INSPECTION FLIGHTS—Karl Brooks, EPA Region 7 Administrator, spoke to producers about CAFO inspection activities at an outreach meeting held July 2 in Lexington, Neb. (Journal photo by Doug Rich.)

A full room greeted Environmental Protections Agency Region 7 Administrator Karl Brooks at the outreach meeting held in Lexington, Neb., July 2 to discuss flights over and inspection of confined animal feeding operations.

In a letter to the Nebraska Congressional delegation dated June 11, Brooks said the primary purpose of these flights is to provide an efficient and cost-effective manner for screening large numbers of animal feeding operations to determine if a more comprehensive evaluation is required to assess Clean Water Act compliance. Brooks provided the same explanation at the Lexington meeting.

To date EPA has made six flights over Nebraska in 2011 and three in 2012. EPA also made three flights over Iowa in 2012, five in 2011, and one in 2012. These flights targeted areas with large numbers of animal feeding operations and or watersheds where the state has identified streams as impaired by contaminant often associated with animal feeding operations. Region 7 plans to do two more flights in Nebraska and two in Iowa in the federal fiscal year 2012.

Stephen Pollard, EPA Region 7 CAFO Enforcement Coordination, has been in the plane for these flights taking photos of operations with possible violations. Pollard said these flights looked at swine and poultry operations as well as beef feedlots. No enforcement actions have been taken based solely on evidence contained in aerial photographs, Pollard said.

"These flights are more of a screening process," Pollard said. "We do not write up violations based just on over flights, but the photos might be used as evidence if violations are discovered."

Brooks and Pollard said these flights are a cost-effective way to look at a number of animal feedlot operations in a short amount of time. Once they have a chance to analyze the photos they can select which operations require an on-site visit from EPA inspectors. Pollard said this way they don't have to bother producers who are in compliance.

On-site inspections can be time consuming and expensive. Brooks said a single flight costs EPA around $1,500 while a full-scale ground inspection of a CAFO including subsequent reports can be nearly $10,000.

As of June 11 there have been four Administrative Compliance Orders, two Administrative Penalty Orders, and eight Letters of Warning issued in Nebraska where aerial photograph were obtained and follow-up inspections were conducted. In Iowa the total is 25 Administrative Compliance Orders, eight Administrative Penalty Orders, and six Letters of Warning.

During the question and answer session, following presentations by Brooks, Pollard, and Trevor Urban, and EPA Region 7 CAFO inspector, they were asked why they did not use satellite images rather than photos taken from an airplane. Pollard said the aerial photos provide them with real-time data not available from other sources such as satellite imagery.

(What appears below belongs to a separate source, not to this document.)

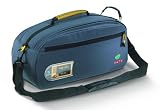Kata CCC-1 Camcorder Case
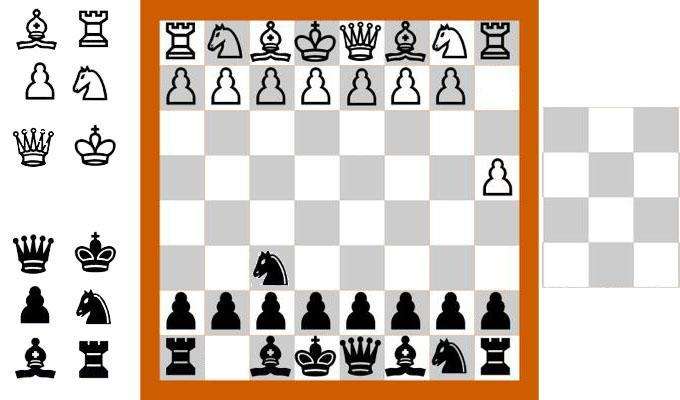 chessene.jpg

Although the flights by EPA were the main topic for the outreach meeting, the relationship between EPA and the Nebraska Department of Environmental Quality was discussed at length. Although NDEQ was invited to the public outreach meeting, no one from that department was in attendance. Producers at the meeting said they often get conflicting information from EPA and NDEQ.

Brooks said that he interacts with Dennis Heitman, NDEQ administrator, on a weekly, sometimes daily, basis and EPA coordinates its activities with NDEQ.

"Since NDEQ was authorized to run EPA's programs in Nebraska in the late 1970s, EPA and the state have run a concurrent programs," Brooks said. "The state is the primary authority in issuing permits and enforcement and that is the way it works with other states across the nation. But at the same time we run a concurrent program and we do inspections and enforcement. The EPA also has an oversight role to make sure the state is implementing the programs and meeting minimum standards set by EPA."

Brooks said they did talk with NDEQ senior leadership before they began making flights over Nebraska animal feeding operations. NDEQ expressed the opinion that flights over Nebraska would not be something that they would be doing if it were their decision to make.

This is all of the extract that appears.